Steve Richfield wrote:
Ben, et al,
After ~5 months of delay for theoretical work, here are the basic ideas as to how really fast and efficient automatic learning could be made almost trivial. I decided NOT to post the paper (yet), but rather, to just discuss the some of the underlying ideas in AGI-friendly terms. Suppose for a moment that a NN or AGI program (they can be easily mapped from one form to the other

... this is not obvious, to say the least. Mapping involves many compromises that change the functioning of each type ...

), instead of operating on "objects" (in an
object-oriented sense)

Neither NN nor AGI has any intrinsic relationship to OO.

, instead, operates on the rate-of-changes in the
probabilities of "objects", or dp/dt. Presuming sufficient bandwidth to generally avoid superstitious coincidences, fast unsupervised learning then becomes completely trivial, as like objects cause simultaneous like-patterned changes in the inputs WITHOUT the overlapping effects of the many other objects typically present in the input (with numerous minor exceptions).

You have already presumed that something supplies the system with "objects" that are meaningful. Even before your first mention of dp/dt, there has to be a mechanism that is so good that it never invents objects such as:

Object A: "A person who once watched all of Tuesday Welds movies in the space of one week" or

Object B: "Something that is a combination of Julius Caesar's pinky toe and a sour grape that Brutus' just spat out" or

Object C: "All of the molecules involved in a swiming gala that happen to be 17.36 meters from the last drop of water that splashed from the pool".

You have supplied no mechanism that is able to do that, but that mechanism is 90% of the trouble, if learning is what you are about.

Instead, you waved your hands and said "fast unsupervised learning
> then becomes completely trivial" .... this statement is a declaration that a good mechanism is available.

You then also talk about "like" objects. But the whole concept of "like" is extraordinarily troublesome.
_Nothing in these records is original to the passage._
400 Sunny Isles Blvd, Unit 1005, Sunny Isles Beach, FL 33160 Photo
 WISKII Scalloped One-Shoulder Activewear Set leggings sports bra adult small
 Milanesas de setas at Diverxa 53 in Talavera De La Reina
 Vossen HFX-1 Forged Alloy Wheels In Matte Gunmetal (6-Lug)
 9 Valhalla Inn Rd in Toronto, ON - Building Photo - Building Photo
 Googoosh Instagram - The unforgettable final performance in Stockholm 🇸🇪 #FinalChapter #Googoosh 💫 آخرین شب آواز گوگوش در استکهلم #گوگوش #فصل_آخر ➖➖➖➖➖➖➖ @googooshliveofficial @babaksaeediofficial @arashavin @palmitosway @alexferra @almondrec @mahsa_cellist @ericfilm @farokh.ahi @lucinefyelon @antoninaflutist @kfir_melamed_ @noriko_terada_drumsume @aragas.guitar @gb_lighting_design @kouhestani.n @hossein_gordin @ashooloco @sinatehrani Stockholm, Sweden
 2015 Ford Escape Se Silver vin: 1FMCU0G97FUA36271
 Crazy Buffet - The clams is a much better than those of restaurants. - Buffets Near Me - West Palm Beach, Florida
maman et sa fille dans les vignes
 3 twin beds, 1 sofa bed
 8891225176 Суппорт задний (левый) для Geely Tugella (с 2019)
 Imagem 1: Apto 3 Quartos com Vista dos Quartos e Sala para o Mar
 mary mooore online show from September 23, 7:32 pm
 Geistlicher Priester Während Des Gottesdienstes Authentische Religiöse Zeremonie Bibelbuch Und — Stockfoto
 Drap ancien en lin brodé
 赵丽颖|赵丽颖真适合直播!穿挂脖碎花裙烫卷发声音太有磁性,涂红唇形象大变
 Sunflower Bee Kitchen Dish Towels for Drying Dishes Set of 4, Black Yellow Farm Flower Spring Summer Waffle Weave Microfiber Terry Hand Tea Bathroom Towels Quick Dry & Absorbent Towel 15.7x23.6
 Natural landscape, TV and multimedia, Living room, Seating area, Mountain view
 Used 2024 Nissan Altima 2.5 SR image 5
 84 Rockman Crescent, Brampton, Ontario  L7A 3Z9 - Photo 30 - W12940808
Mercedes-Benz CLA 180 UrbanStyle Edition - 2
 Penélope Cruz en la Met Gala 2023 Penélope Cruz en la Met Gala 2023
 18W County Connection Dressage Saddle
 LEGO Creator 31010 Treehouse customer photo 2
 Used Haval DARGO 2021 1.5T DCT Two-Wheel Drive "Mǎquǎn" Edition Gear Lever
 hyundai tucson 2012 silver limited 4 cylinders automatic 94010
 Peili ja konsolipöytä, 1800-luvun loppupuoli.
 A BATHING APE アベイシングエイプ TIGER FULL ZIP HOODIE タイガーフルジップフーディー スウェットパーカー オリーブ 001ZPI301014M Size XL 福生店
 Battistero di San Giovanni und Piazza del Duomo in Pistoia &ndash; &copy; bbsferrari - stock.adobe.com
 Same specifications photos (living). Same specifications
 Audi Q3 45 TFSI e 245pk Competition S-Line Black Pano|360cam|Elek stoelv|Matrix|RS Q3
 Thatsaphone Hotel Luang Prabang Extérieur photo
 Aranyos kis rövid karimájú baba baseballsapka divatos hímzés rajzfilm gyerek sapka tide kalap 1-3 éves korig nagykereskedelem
Are Julius Caesar and Brutus "like" each other? Seen from our distance, maybe yes, but from the point of view of Julius C., probably not so much. Is a G-type star "like" a mirror? I don't know any stellar astrophysicists who would say so, but then again OF COURSE they are, because they are almost indistinguishable, because if you hold a mirror up in the right way it can reflect the sun and the two visual images can be identical.

These questions can be resolved, sure enough, but it is the whole business of resolving these questions (rather than waving a hand over them and declaring them to be trivial) that is the point.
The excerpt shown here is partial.